3.46 High Court and District Registries

The above courts provide the Petitions and Transfers Team with a list showing the result of the hearings of winding-up petitions. Where a winding-up order is made the Secretary of State appoints the appropriate official receiver as official receiver for the insolvency proceedings [Note 2]. The Petitions and Transfers Team notify the local official receiver of the order and enclose a copy of the official receiver’s appointment by the Secretary of State.


3.47 Other County Courts

Official receivers should monitor the progress of petitions in their local courts. By following the progress of each petition it can be ensured that timely notice of the making of a winding-up order is received.

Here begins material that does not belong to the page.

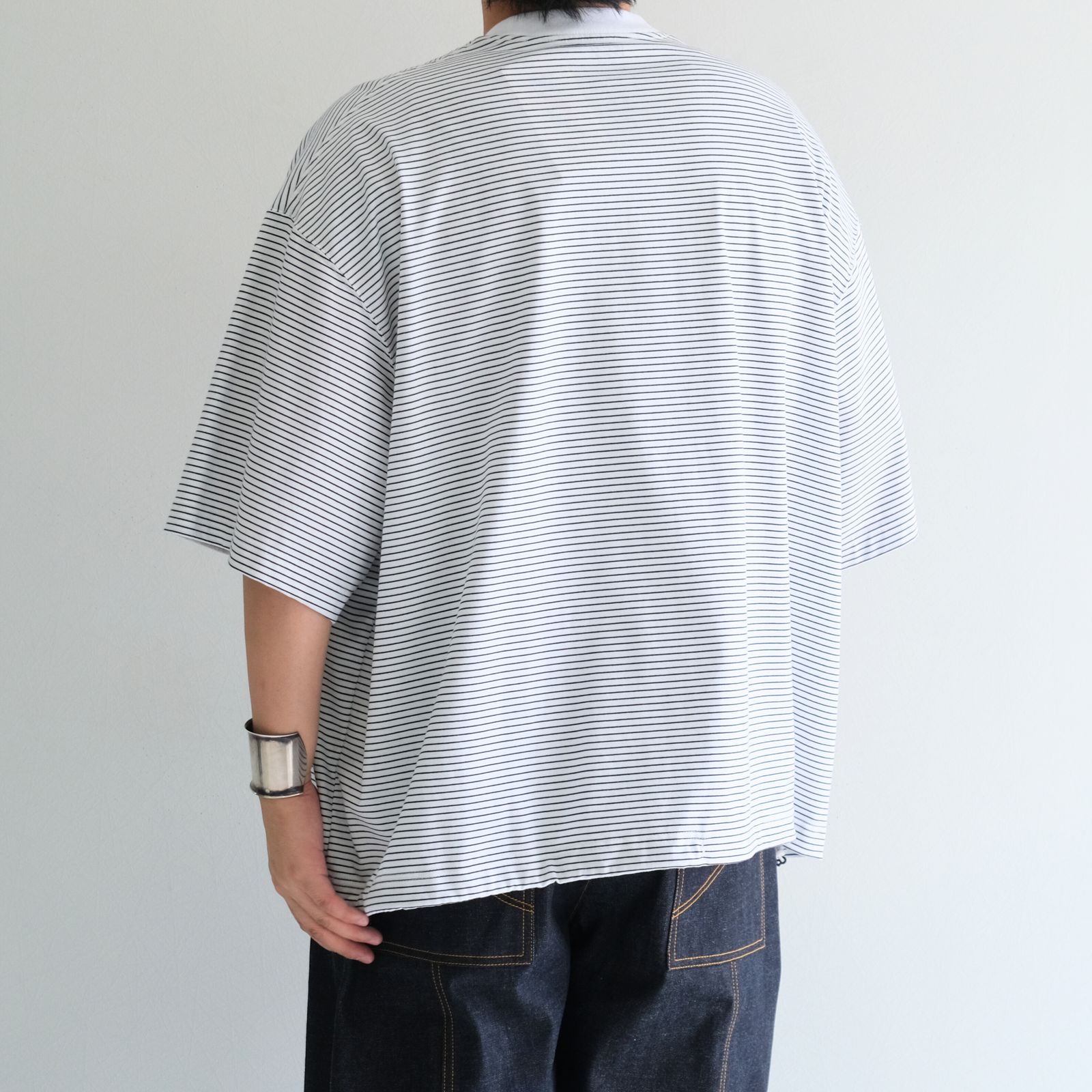 BALLOON BORDER SHORT SLEEVE T-SHIRT / Tシャツ / バルーン / ボーダー / WHITE × NAVY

3.48 Receipt of a notice of a winding-up order

Notice of a winding-up order from either the Petitions and Transfers Team or the local court provides sufficient authority for the official receiver to proceed until he/she receives copies of the actual winding-up order (see paragraph 3.17). The notice allows the official receiver to carry out his/her statutory functions such as advertising and Gazetting the order (see paragraph 3.66).

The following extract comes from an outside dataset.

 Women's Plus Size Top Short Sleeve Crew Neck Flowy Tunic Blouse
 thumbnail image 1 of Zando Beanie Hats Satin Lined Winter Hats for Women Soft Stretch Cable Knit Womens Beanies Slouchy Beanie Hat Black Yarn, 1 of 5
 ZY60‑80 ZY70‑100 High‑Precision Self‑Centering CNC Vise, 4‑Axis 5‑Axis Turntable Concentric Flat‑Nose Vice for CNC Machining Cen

3.49 Correct title to be used on notices and correspondence

Once the official receiver is satisfied that the details of the company on the winding-up order are correct he/she should use the correct title on all notices and correspondence (see paragraph 3.31).

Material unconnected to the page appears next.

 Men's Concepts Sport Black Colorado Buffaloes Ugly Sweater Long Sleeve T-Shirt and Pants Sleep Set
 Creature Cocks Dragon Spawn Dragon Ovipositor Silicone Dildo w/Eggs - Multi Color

3.50 Contacting the petitioning creditor’s solicitors

On receiving notice of the winding-up order the petitioning creditors solicitors should be asked, initially by telephone, whether there are any matters, other than those referred to in the petition, to which the official receivers attention should be drawn. The standard letter (PSOL) should be sent out to the petitioners solicitors as part of the initial notices.


3.51 Petitioning creditor’s solicitors: copy of the petition, etc

The solicitors should also be asked to provide, without charge, a spare copy of the petition (except in High Court cases where the court provides a spare copy) and supporting affidavits or witness statements. They should also be asked to confirm whether the petitioner is registered for VAT. Further details on the provision of information by HM Revenue and Customs can be found in paragraphs 47.79(b), (c) and (d).


3.52  Petitioning creditor’s solicitors: information about the company

The petitioning creditor’s solicitors may be able to provide information on : -

  • whether the company is continuing to trade,
  • the companys solicitors or accountants,
  • the names of the companys officers or any staff such as managers with whom they or their clients dealt,
  • if contact with the company officers has been made,
  • whether they have had other contact with the company recently, 
  • how any recent contact was made,
  • the trading address, the petitioner may have supplied goods to this address if a trade creditor,
  • any possible assets,
  • any bank accounts,
  • any other known creditors,
  • the trading activities of the company, and
  • any previous insolvency proceedings such as voluntary liquidation.


3.53 Petitioning creditor’s solicitors: further information

If the petitioning creditor’s solicitors only provide limited details about the company, they may be able to direct us to a person at their client who could provide additional information.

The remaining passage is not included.